Jacob Littmann
Tosca Kempler gave me Jacob Littmann’s address and we got in touch by letter. He described his childhood in the children’s home in considerable detail in a letter dated 12 March 2005: …my parents were fortunate in being able to save two children. We were in the nursery (at Fehrbelliner Strasse 92), in the kindergarten and in the after-school group. A big flag in the colours of the Weimar Republic, black, red and gold, hung from a flagpole over the door. It was a liberal home for Jewish children, where they experienced an upbringing with discipline but without severity. In the two years in the nursery, the women were mothers, in the kindergarten they were aunts and in the after-school club they were “Miss”.

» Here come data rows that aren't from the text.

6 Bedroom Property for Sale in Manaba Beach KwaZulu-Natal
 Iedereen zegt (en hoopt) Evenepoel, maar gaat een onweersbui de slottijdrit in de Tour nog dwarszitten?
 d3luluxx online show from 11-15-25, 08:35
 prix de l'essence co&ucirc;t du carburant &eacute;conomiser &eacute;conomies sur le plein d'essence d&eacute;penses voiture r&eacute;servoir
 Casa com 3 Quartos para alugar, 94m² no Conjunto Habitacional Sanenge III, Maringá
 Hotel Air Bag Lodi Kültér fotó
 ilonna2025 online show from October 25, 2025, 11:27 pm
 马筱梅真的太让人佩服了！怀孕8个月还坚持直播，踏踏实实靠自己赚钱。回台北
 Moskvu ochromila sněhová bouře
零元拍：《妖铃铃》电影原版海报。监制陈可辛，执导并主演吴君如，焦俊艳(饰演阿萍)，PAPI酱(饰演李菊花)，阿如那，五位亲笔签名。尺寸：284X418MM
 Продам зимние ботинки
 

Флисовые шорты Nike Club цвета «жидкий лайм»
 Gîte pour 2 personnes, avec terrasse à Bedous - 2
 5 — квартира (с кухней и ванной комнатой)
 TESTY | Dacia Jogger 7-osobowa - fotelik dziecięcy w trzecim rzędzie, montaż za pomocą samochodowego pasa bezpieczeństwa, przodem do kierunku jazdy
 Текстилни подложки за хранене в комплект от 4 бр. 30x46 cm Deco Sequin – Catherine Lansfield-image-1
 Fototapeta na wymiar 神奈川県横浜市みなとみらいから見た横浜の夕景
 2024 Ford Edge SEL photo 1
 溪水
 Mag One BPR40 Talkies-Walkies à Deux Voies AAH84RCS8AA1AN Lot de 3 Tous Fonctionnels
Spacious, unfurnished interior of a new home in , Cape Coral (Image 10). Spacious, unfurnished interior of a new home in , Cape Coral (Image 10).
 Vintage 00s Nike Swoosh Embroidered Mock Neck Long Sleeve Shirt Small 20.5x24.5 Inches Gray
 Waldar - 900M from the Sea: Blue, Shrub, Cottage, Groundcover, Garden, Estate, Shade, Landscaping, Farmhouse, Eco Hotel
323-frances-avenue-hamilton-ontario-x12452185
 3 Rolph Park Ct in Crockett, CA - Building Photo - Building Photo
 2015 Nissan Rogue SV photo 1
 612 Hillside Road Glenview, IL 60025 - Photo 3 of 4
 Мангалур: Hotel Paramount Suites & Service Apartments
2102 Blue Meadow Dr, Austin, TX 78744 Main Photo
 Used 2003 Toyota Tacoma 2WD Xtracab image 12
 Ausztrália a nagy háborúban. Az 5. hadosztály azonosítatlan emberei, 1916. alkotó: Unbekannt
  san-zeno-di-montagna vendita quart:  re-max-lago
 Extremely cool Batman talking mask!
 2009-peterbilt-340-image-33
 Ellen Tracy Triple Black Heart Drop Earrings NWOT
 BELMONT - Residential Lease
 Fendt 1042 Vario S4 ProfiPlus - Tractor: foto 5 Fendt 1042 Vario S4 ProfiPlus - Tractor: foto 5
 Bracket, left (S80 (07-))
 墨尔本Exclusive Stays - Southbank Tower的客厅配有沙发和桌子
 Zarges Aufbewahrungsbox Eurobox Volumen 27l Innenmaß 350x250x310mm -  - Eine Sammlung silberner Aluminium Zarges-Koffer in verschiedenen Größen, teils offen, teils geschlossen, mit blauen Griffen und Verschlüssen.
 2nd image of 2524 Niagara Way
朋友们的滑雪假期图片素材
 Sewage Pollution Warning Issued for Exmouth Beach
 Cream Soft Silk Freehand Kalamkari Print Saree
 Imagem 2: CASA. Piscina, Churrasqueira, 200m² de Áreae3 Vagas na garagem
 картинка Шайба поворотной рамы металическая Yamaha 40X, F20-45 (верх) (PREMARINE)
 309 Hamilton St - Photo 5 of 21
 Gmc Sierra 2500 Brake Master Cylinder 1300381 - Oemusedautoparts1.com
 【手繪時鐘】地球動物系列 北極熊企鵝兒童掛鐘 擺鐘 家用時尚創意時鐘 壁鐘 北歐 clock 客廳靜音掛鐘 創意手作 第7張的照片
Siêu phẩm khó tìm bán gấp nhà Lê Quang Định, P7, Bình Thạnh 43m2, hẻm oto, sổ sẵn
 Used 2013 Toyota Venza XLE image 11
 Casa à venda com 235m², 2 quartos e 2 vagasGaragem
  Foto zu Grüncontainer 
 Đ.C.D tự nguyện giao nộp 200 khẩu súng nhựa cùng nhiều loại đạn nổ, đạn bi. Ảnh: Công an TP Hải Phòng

We were brought up to practise both German and Jewish customs. In the summer holidays, the home rented a villa in Neuhof on the Baltic coast. The older children from the after-school group spent four weeks there – on the beach and in the woods. It was healthy for the poorer children and an opportunity to learn how the country, the customs and life are organised in a family. That is why the home in Fehrbelliner Strasse was a home without harshness. Everyone both gave and shared. There was a big library with books like Dr Dolittle, Kipling, old tales from Troy, Sparta and Athens. It was fun as well as educational. The women who ran the after-school group went to the schools to see how the children were getting on. Then they helped them with their homework. I went to the school in Ryckestrasse. There was one large room, where the little children had a rest in the afternoons. This room was also used for games, dancing and for festivals. These recollections are in my memory. The home was a bright part of my life. My brother Heinrich Siegfried Littmann and my parents are missing.
Jacob Littmann was arrested Oktober 28-29 in 1938 and deported to Polen ( Polenaktion ). Relatives in the USA sent affidavits for him and his sister. So they could emigrate to the USA and saved their lives. March 2005 he lived in Van Nuys, a district of Los Angeles, Ca., USA. He has since died.